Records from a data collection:
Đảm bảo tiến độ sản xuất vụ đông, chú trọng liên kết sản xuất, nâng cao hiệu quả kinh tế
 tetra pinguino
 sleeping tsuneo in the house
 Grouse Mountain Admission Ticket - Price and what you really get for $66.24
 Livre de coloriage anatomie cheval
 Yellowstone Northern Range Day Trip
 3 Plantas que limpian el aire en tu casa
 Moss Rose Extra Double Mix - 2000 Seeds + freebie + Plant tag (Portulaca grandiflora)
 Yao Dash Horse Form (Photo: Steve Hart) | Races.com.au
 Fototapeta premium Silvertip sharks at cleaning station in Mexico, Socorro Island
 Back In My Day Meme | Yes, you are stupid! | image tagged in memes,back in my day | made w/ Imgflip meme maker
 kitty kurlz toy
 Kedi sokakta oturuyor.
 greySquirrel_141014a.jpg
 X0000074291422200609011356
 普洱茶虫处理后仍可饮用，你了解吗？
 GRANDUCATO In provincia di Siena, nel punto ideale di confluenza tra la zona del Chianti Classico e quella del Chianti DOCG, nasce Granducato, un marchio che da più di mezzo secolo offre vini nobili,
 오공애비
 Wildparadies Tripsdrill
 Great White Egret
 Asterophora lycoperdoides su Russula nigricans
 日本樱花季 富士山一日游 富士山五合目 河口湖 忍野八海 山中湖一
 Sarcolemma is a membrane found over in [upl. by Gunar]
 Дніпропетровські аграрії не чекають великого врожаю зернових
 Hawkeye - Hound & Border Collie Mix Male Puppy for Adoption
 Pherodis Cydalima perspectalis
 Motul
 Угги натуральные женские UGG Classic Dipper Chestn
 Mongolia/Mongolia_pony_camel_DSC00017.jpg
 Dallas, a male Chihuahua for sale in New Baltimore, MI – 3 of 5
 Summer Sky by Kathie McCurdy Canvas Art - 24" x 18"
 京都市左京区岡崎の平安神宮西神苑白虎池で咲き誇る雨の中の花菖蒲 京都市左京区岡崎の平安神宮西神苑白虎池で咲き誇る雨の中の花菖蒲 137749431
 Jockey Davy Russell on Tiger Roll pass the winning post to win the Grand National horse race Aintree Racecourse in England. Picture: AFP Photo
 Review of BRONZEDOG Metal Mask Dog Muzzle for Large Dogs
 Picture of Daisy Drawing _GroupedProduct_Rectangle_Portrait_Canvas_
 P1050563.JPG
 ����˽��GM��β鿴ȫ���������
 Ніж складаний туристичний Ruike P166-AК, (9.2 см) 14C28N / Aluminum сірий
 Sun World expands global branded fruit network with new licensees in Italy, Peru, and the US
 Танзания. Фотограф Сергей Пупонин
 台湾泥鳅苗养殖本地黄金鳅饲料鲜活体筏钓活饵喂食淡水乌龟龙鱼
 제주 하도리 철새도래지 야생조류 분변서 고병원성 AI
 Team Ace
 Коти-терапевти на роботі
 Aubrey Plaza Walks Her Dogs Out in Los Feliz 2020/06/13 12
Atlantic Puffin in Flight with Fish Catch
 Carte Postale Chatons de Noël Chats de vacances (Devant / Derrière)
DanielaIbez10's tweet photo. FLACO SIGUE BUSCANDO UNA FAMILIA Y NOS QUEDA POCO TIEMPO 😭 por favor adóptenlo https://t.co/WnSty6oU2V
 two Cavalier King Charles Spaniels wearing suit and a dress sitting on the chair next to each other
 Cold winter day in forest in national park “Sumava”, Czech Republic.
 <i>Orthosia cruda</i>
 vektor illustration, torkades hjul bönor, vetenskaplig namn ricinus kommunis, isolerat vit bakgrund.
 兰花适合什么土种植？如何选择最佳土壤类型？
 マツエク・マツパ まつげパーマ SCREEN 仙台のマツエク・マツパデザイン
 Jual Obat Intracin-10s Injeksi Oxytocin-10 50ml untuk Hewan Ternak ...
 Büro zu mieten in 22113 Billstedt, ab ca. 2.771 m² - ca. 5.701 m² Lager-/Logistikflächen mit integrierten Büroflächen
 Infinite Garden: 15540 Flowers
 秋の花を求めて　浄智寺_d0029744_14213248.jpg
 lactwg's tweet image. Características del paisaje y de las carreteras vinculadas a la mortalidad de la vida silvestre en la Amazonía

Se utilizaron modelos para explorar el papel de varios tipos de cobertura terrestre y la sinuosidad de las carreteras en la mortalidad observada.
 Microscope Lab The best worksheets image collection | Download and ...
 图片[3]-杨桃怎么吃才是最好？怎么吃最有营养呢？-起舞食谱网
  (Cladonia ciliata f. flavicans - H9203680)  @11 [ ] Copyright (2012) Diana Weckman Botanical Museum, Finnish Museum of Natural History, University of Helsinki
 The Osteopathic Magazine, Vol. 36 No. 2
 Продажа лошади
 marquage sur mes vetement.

**Problem to work on:** Could you transcribe the entries above word for word, from the line with "X0000074291422200609011356" down to the line with "Review of BRONZEDOG", keeping both?

**Answer to the exercise:**
 X0000074291422200609011356
 普洱茶虫处理后仍可饮用，你了解吗？
 GRANDUCATO In provincia di Siena, nel punto ideale di confluenza tra la zona del Chianti Classico e quella del Chianti DOCG, nasce Granducato, un marchio che da più di mezzo secolo offre vini nobili,
 오공애비
 Wildparadies Tripsdrill
 Great White Egret
 Asterophora lycoperdoides su Russula nigricans
 日本樱花季 富士山一日游 富士山五合目 河口湖 忍野八海 山中湖一
 Sarcolemma is a membrane found over in [upl. by Gunar]
 Дніпропетровські аграрії не чекають великого врожаю зернових
 Hawkeye - Hound & Border Collie Mix Male Puppy for Adoption
 Pherodis Cydalima perspectalis
 Motul
 Угги натуральные женские UGG Classic Dipper Chestn
 Mongolia/Mongolia_pony_camel_DSC00017.jpg
 Dallas, a male Chihuahua for sale in New Baltimore, MI – 3 of 5
 Summer Sky by Kathie McCurdy Canvas Art - 24" x 18"
 京都市左京区岡崎の平安神宮西神苑白虎池で咲き誇る雨の中の花菖蒲 京都市左京区岡崎の平安神宮西神苑白虎池で咲き誇る雨の中の花菖蒲 137749431
 Jockey Davy Russell on Tiger Roll pass the winning post to win the Grand National horse race Aintree Racecourse in England. Picture: AFP Photo
 Review of BRONZEDOG Metal Mask Dog Muzzle for Large Dogs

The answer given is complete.